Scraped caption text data
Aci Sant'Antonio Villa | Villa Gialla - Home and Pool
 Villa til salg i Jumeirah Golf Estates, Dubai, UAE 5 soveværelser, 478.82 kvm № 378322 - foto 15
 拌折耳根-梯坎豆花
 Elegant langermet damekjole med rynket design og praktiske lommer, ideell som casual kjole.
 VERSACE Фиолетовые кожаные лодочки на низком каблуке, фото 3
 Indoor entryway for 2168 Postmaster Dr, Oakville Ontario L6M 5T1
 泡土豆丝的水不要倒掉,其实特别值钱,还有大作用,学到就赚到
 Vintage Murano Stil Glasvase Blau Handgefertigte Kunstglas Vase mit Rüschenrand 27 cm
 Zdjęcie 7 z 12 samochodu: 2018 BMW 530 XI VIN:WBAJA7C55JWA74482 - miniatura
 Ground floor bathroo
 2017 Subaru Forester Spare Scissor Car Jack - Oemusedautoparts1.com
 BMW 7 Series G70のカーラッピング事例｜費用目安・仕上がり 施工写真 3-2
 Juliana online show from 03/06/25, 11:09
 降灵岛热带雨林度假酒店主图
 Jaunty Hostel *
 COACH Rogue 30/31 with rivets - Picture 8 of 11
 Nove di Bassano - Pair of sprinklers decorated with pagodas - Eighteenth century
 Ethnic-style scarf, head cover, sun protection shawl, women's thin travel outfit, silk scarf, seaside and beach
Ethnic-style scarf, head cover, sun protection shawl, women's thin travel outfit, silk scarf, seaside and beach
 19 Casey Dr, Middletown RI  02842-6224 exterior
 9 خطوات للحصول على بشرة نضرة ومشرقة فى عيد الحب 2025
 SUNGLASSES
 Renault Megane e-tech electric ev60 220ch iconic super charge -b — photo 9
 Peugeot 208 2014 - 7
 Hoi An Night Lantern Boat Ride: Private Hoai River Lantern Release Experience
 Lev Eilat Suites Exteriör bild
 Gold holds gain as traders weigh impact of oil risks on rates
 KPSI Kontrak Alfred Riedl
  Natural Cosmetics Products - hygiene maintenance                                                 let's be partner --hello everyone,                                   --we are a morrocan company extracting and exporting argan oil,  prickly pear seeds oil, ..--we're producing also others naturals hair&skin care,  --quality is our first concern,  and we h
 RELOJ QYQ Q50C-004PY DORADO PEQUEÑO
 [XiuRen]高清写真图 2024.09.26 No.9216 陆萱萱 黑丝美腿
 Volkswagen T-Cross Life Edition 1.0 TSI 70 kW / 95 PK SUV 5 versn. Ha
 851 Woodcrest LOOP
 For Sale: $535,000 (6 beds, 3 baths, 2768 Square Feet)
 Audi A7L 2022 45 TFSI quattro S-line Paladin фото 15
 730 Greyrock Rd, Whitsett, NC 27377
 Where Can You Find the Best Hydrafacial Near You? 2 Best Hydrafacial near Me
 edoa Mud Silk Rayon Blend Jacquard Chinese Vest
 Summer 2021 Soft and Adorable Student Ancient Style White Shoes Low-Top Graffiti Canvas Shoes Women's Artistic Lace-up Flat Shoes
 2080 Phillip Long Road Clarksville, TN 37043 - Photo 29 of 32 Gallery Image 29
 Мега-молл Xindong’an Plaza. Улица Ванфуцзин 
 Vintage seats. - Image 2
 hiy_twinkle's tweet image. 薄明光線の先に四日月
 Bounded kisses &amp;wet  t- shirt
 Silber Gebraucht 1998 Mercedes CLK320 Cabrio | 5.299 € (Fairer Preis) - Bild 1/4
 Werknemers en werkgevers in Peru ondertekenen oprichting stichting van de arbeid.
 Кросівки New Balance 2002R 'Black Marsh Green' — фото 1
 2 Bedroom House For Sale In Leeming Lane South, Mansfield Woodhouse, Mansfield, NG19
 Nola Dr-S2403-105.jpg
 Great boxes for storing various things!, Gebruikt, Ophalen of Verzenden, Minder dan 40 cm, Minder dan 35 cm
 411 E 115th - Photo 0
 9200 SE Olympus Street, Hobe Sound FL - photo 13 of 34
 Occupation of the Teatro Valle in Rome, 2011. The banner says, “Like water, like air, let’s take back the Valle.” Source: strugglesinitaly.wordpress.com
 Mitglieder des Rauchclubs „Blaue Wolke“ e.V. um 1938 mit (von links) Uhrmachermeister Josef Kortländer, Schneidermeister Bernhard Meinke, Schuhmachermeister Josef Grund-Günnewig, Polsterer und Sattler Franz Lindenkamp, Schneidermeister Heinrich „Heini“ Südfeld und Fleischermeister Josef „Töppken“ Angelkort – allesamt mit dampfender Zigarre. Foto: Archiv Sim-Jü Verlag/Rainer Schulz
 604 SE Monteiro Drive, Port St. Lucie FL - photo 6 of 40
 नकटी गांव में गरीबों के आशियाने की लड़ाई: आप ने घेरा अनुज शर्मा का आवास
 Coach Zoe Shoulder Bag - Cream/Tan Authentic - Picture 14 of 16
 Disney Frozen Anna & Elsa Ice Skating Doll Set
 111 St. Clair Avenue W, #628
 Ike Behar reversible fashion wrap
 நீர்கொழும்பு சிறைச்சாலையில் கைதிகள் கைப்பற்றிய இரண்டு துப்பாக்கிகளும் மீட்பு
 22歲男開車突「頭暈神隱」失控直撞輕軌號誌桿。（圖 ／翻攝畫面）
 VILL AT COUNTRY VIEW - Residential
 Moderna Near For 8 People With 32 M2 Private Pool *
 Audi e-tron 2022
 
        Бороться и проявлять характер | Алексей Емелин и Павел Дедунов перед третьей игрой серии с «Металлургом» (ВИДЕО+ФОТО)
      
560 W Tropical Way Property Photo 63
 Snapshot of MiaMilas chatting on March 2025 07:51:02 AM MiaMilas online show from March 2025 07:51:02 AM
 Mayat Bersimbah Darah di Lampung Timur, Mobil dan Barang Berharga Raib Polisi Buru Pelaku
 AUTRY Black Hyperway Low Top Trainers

■ **Work task**
I would like you to return every entry exactly, with nothing changed.

■ **Output of the exercise**
Aci Sant'Antonio Villa | Villa Gialla - Home and Pool
 Villa til salg i Jumeirah Golf Estates, Dubai, UAE 5 soveværelser, 478.82 kvm № 378322 - foto 15
 拌折耳根-梯坎豆花
 Elegant langermet damekjole med rynket design og praktiske lommer, ideell som casual kjole.
 VERSACE Фиолетовые кожаные лодочки на низком каблуке, фото 3
 Indoor entryway for 2168 Postmaster Dr, Oakville Ontario L6M 5T1
 泡土豆丝的水不要倒掉,其实特别值钱,还有大作用,学到就赚到
 Vintage Murano Stil Glasvase Blau Handgefertigte Kunstglas Vase mit Rüschenrand 27 cm
 Zdjęcie 7 z 12 samochodu: 2018 BMW 530 XI VIN:WBAJA7C55JWA74482 - miniatura
 Ground floor bathroo
 2017 Subaru Forester Spare Scissor Car Jack - Oemusedautoparts1.com
 BMW 7 Series G70のカーラッピング事例｜費用目安・仕上がり 施工写真 3-2
 Juliana online show from 03/06/25, 11:09
 降灵岛热带雨林度假酒店主图
 Jaunty Hostel *
 COACH Rogue 30/31 with rivets - Picture 8 of 11
 Nove di Bassano - Pair of sprinklers decorated with pagodas - Eighteenth century
 Ethnic-style scarf, head cover, sun protection shawl, women's thin travel outfit, silk scarf, seaside and beach
Ethnic-style scarf, head cover, sun protection shawl, women's thin travel outfit, silk scarf, seaside and beach
 19 Casey Dr, Middletown RI  02842-6224 exterior
 9 خطوات للحصول على بشرة نضرة ومشرقة فى عيد الحب 2025
 SUNGLASSES
 Renault Megane e-tech electric ev60 220ch iconic super charge -b — photo 9
 Peugeot 208 2014 - 7
 Hoi An Night Lantern Boat Ride: Private Hoai River Lantern Release Experience
 Lev Eilat Suites Exteriör bild
 Gold holds gain as traders weigh impact of oil risks on rates
 KPSI Kontrak Alfred Riedl
  Natural Cosmetics Products - hygiene maintenance                                                 let's be partner --hello everyone,                                   --we are a morrocan company extracting and exporting argan oil,  prickly pear seeds oil, ..--we're producing also others naturals hair&skin care,  --quality is our first concern,  and we h
 RELOJ QYQ Q50C-004PY DORADO PEQUEÑO
 [XiuRen]高清写真图 2024.09.26 No.9216 陆萱萱 黑丝美腿
 Volkswagen T-Cross Life Edition 1.0 TSI 70 kW / 95 PK SUV 5 versn. Ha
 851 Woodcrest LOOP
 For Sale: $535,000 (6 beds, 3 baths, 2768 Square Feet)
 Audi A7L 2022 45 TFSI quattro S-line Paladin фото 15
 730 Greyrock Rd, Whitsett, NC 27377
 Where Can You Find the Best Hydrafacial Near You? 2 Best Hydrafacial near Me
 edoa Mud Silk Rayon Blend Jacquard Chinese Vest
 Summer 2021 Soft and Adorable Student Ancient Style White Shoes Low-Top Graffiti Canvas Shoes Women's Artistic Lace-up Flat Shoes
 2080 Phillip Long Road Clarksville, TN 37043 - Photo 29 of 32 Gallery Image 29
 Мега-молл Xindong’an Plaza. Улица Ванфуцзин 
 Vintage seats. - Image 2
 hiy_twinkle's tweet image. 薄明光線の先に四日月
 Bounded kisses &amp;wet  t- shirt
 Silber Gebraucht 1998 Mercedes CLK320 Cabrio | 5.299 € (Fairer Preis) - Bild 1/4
 Werknemers en werkgevers in Peru ondertekenen oprichting stichting van de arbeid.
 Кросівки New Balance 2002R 'Black Marsh Green' — фото 1
 2 Bedroom House For Sale In Leeming Lane South, Mansfield Woodhouse, Mansfield, NG19
 Nola Dr-S2403-105.jpg
 Great boxes for storing various things!, Gebruikt, Ophalen of Verzenden, Minder dan 40 cm, Minder dan 35 cm
 411 E 115th - Photo 0
 9200 SE Olympus Street, Hobe Sound FL - photo 13 of 34
 Occupation of the Teatro Valle in Rome, 2011. The banner says, “Like water, like air, let’s take back the Valle.” Source: strugglesinitaly.wordpress.com
 Mitglieder des Rauchclubs „Blaue Wolke“ e.V. um 1938 mit (von links) Uhrmachermeister Josef Kortländer, Schneidermeister Bernhard Meinke, Schuhmachermeister Josef Grund-Günnewig, Polsterer und Sattler Franz Lindenkamp, Schneidermeister Heinrich „Heini“ Südfeld und Fleischermeister Josef „Töppken“ Angelkort – allesamt mit dampfender Zigarre. Foto: Archiv Sim-Jü Verlag/Rainer Schulz
 604 SE Monteiro Drive, Port St. Lucie FL - photo 6 of 40
 नकटी गांव में गरीबों के आशियाने की लड़ाई: आप ने घेरा अनुज शर्मा का आवास
 Coach Zoe Shoulder Bag - Cream/Tan Authentic - Picture 14 of 16
 Disney Frozen Anna & Elsa Ice Skating Doll Set
 111 St. Clair Avenue W, #628
 Ike Behar reversible fashion wrap
 நீர்கொழும்பு சிறைச்சாலையில் கைதிகள் கைப்பற்றிய இரண்டு துப்பாக்கிகளும் மீட்பு
 22歲男開車突「頭暈神隱」失控直撞輕軌號誌桿。（圖 ／翻攝畫面）
 VILL AT COUNTRY VIEW - Residential
 Moderna Near For 8 People With 32 M2 Private Pool *
 Audi e-tron 2022
 
        Бороться и проявлять характер | Алексей Емелин и Павел Дедунов перед третьей игрой серии с «Металлургом» (ВИДЕО+ФОТО)
      
560 W Tropical Way Property Photo 63
 Snapshot of MiaMilas chatting on March 2025 07:51:02 AM MiaMilas online show from March 2025 07:51:02 AM
 Mayat Bersimbah Darah di Lampung Timur, Mobil dan Barang Berharga Raib Polisi Buru Pelaku
 AUTRY Black Hyperway Low Top Trainers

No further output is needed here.